◆ **Records supplied**:

○ ○ ○ ○ ○ ○ ○

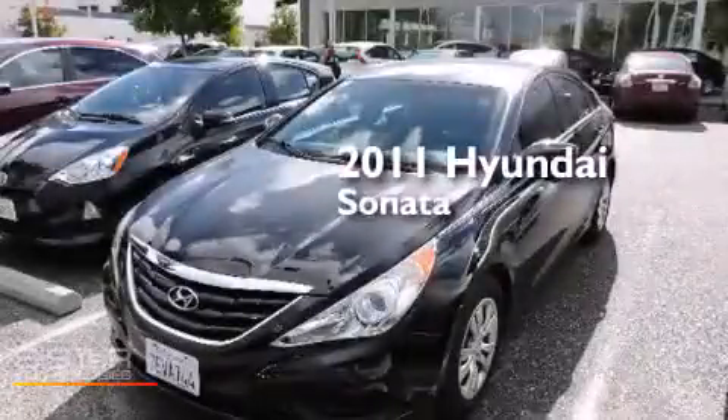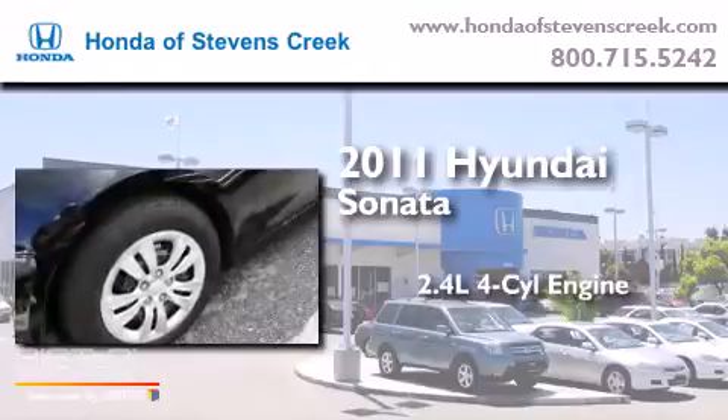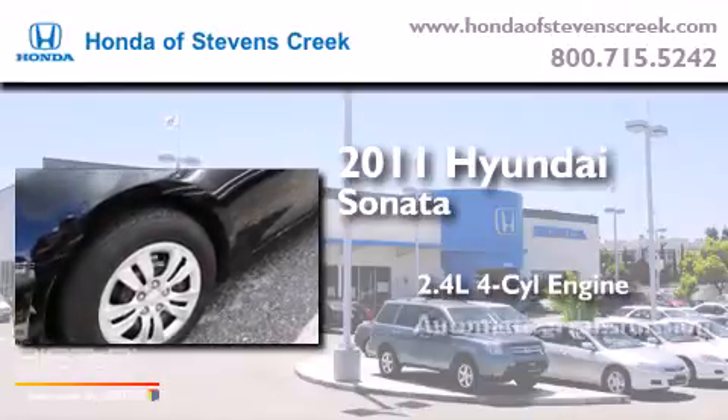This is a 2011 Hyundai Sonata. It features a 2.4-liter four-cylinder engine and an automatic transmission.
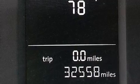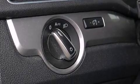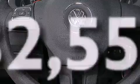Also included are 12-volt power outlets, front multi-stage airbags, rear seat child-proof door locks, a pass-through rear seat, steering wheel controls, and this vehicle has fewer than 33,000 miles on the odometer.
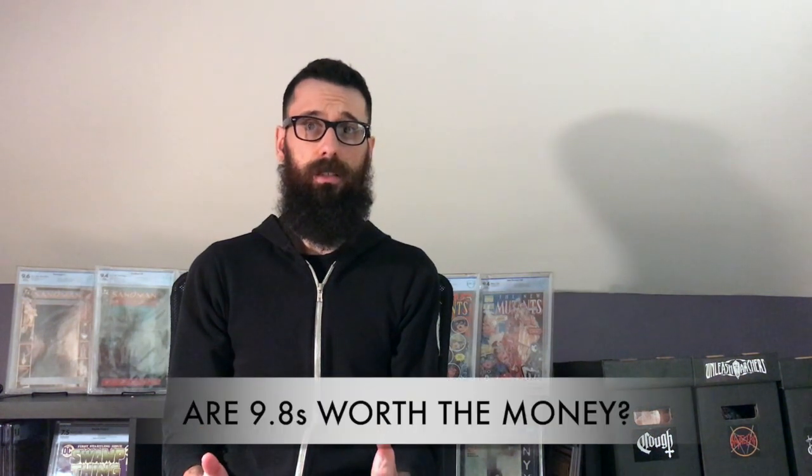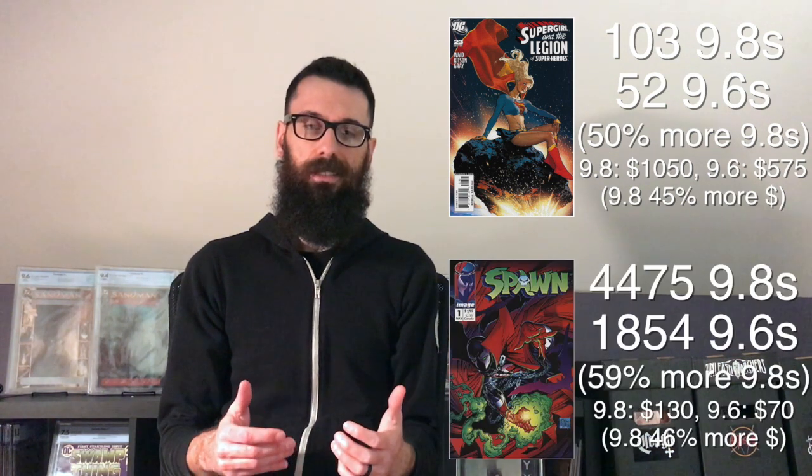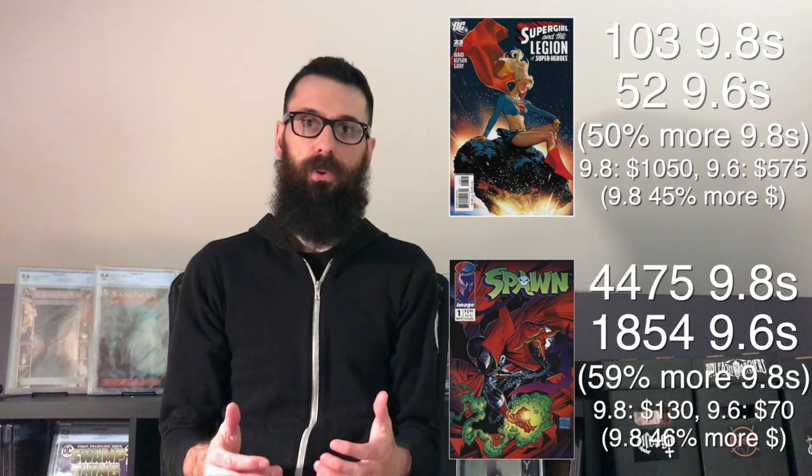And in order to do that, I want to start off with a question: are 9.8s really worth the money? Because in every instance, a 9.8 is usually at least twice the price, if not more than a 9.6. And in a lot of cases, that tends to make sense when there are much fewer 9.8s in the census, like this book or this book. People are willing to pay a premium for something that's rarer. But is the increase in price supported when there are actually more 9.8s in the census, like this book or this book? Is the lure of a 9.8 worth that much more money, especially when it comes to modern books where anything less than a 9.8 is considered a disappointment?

○ ○ ○ ○ ○ ○ ○

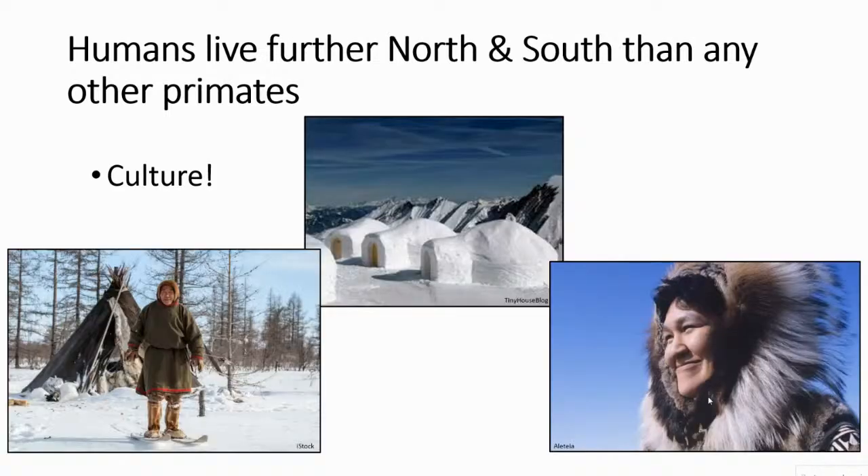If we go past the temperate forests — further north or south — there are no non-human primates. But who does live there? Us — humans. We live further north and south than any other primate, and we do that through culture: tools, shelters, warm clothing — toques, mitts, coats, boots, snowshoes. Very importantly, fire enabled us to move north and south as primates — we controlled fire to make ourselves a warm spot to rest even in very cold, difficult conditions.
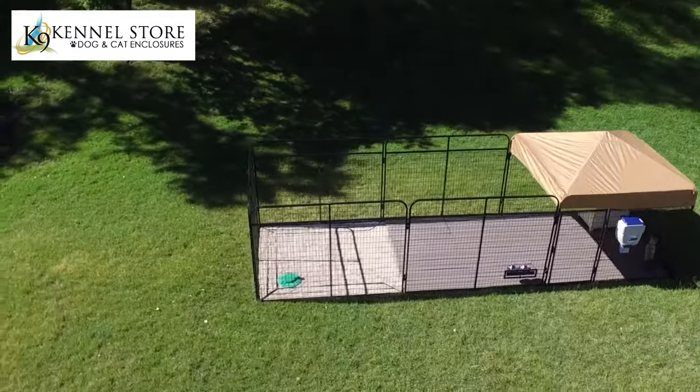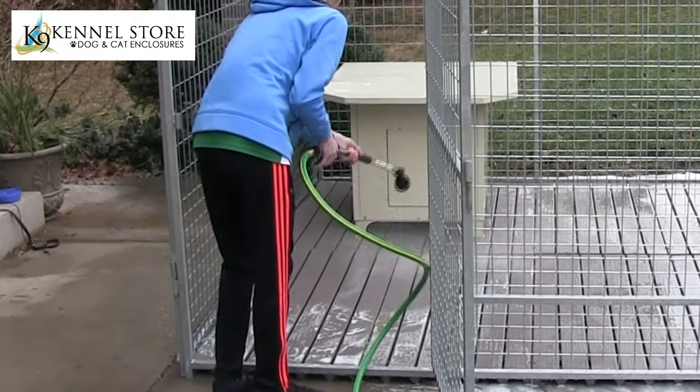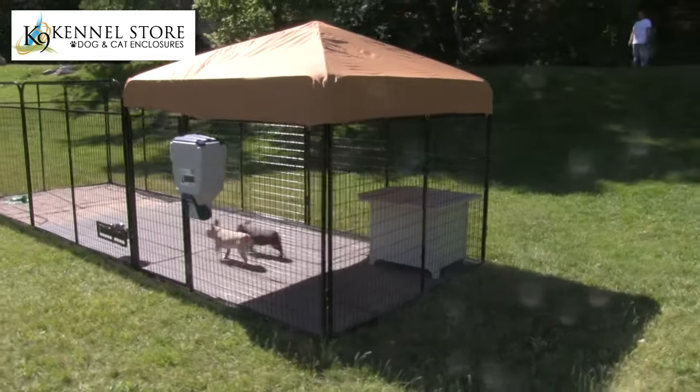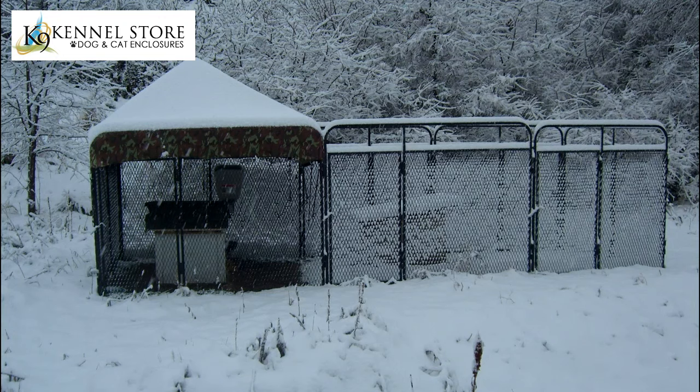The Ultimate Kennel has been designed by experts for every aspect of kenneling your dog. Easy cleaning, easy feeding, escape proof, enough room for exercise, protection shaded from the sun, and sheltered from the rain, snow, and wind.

○ ○ ○ ○ ○ ○ ○

Make an exact copy of the lines above, beginning with the line with "This is a 2011" and ending with the line with "Also included are", and keep the pictures out of it.

◆ **Exercise answer**:
This is a 2011 Hyundai Sonata. It features a 2.4-liter four-cylinder engine and an automatic transmission.
Also included are 12-volt power outlets, front multi-stage airbags, rear seat child-proof door locks, a pass-through rear seat, steering wheel controls, and this vehicle has fewer than 33,000 miles on the odometer.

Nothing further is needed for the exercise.